Data in this exercise.
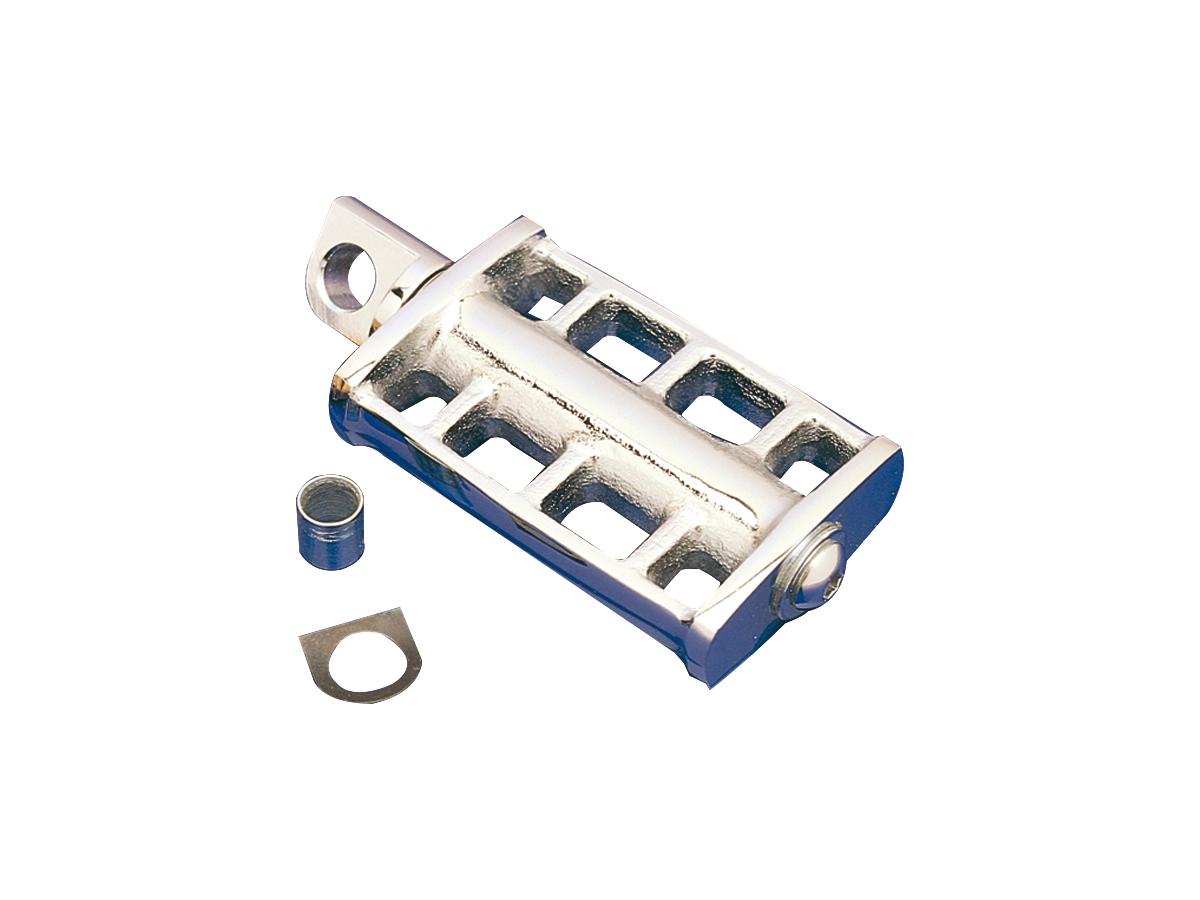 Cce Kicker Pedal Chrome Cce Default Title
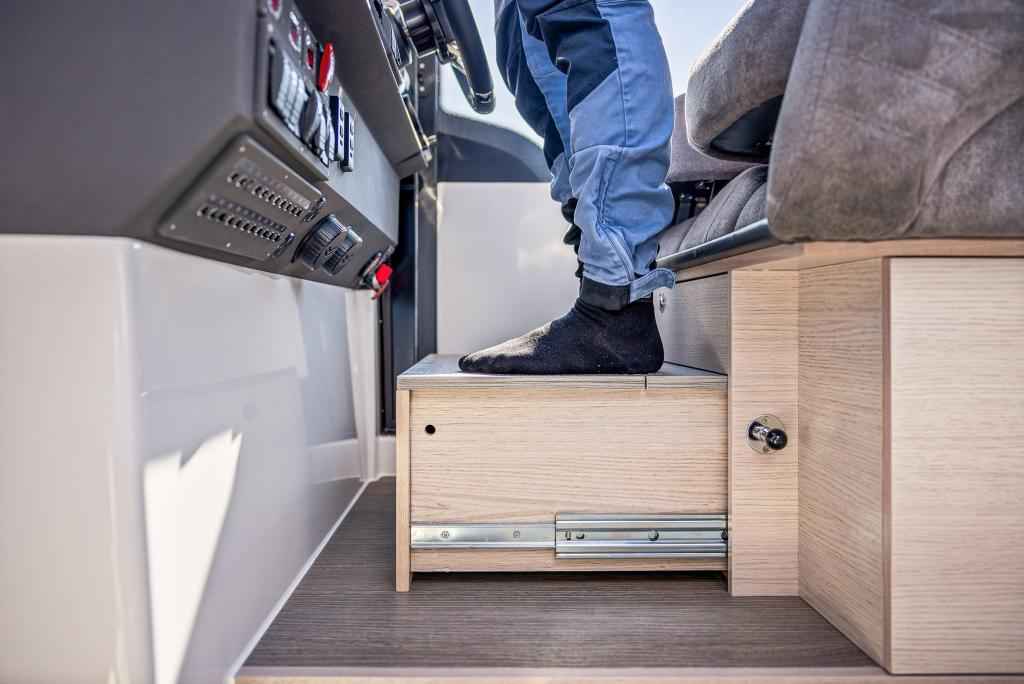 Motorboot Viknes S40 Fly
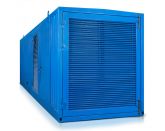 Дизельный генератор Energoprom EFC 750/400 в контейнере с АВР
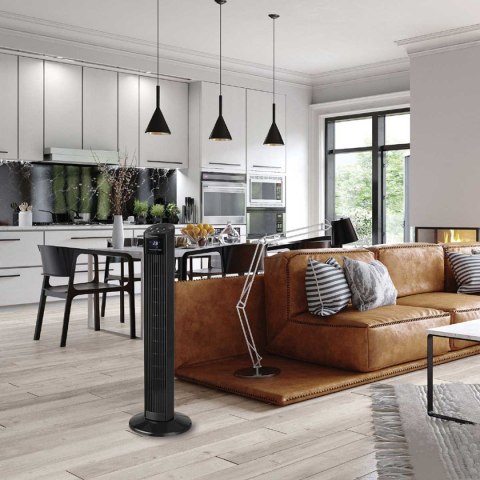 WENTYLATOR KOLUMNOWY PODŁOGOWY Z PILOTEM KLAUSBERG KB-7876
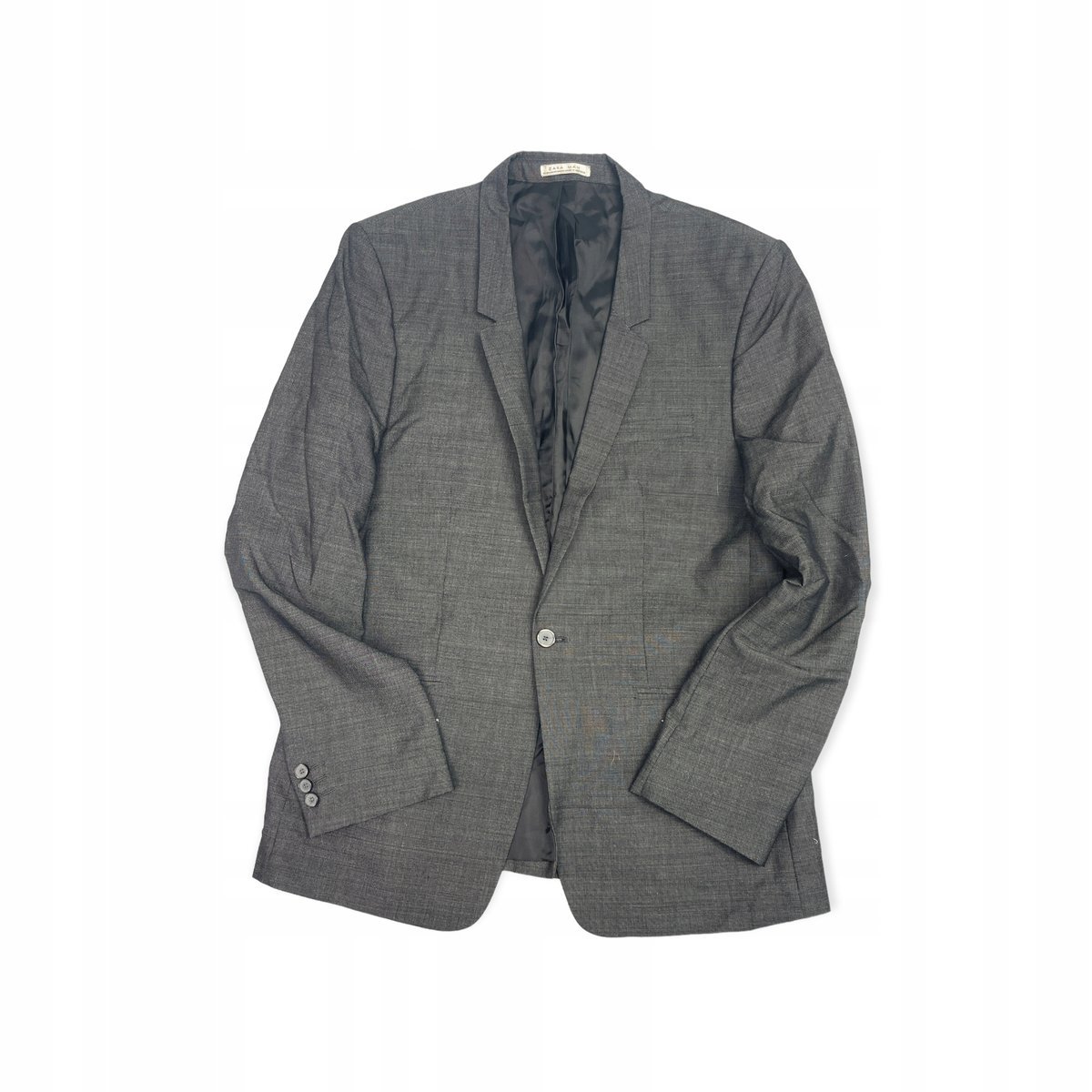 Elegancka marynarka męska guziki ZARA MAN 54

--

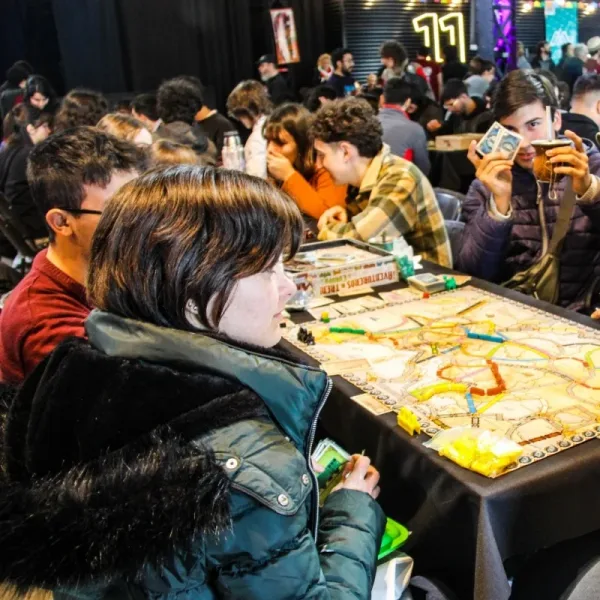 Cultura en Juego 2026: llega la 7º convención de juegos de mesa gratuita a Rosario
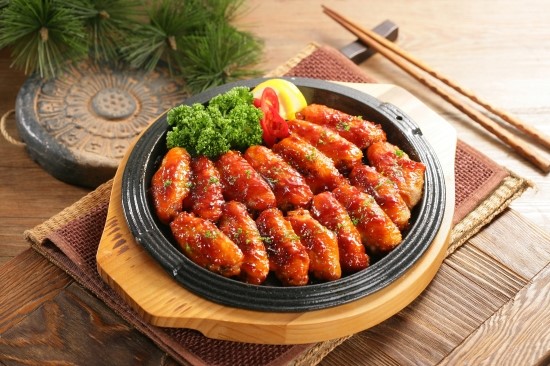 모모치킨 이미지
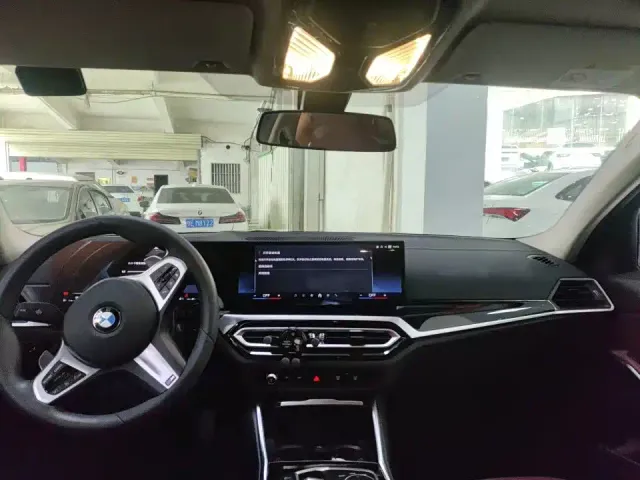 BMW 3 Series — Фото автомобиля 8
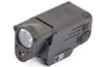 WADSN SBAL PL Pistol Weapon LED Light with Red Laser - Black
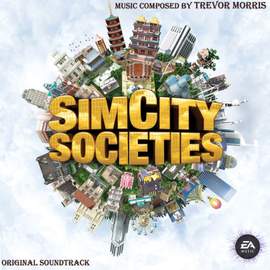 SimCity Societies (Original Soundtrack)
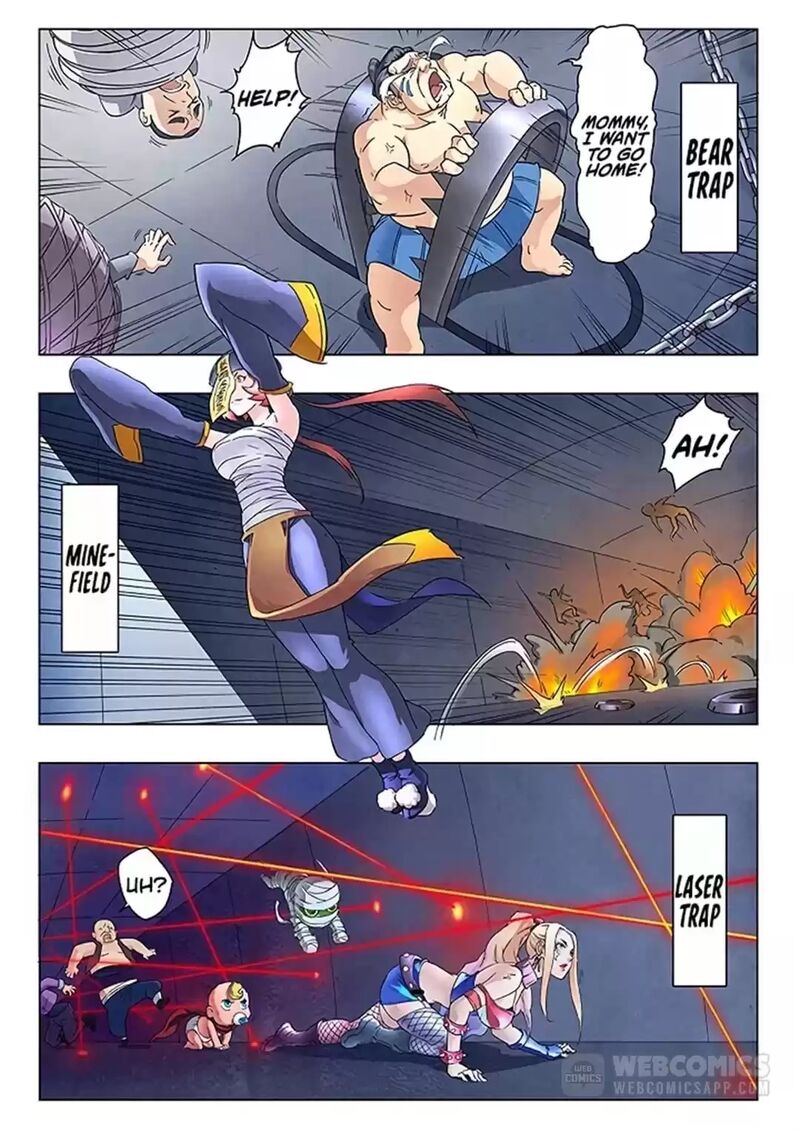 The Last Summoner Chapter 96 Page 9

Task instructions. For this task, return exactly the stretch of the listing above from the line with "Cce Kicker Pedal Chrome Cce Default Title" through the line with "Elegancka marynarka męska guziki ZARA MAN 54", inclusive and without pictures.

Reply to the task.
 Cce Kicker Pedal Chrome Cce Default Title
 Motorboot Viknes S40 Fly
 Дизельный генератор Energoprom EFC 750/400 в контейнере с АВР
 WENTYLATOR KOLUMNOWY PODŁOGOWY Z PILOTEM KLAUSBERG KB-7876
 Elegancka marynarka męska guziki ZARA MAN 54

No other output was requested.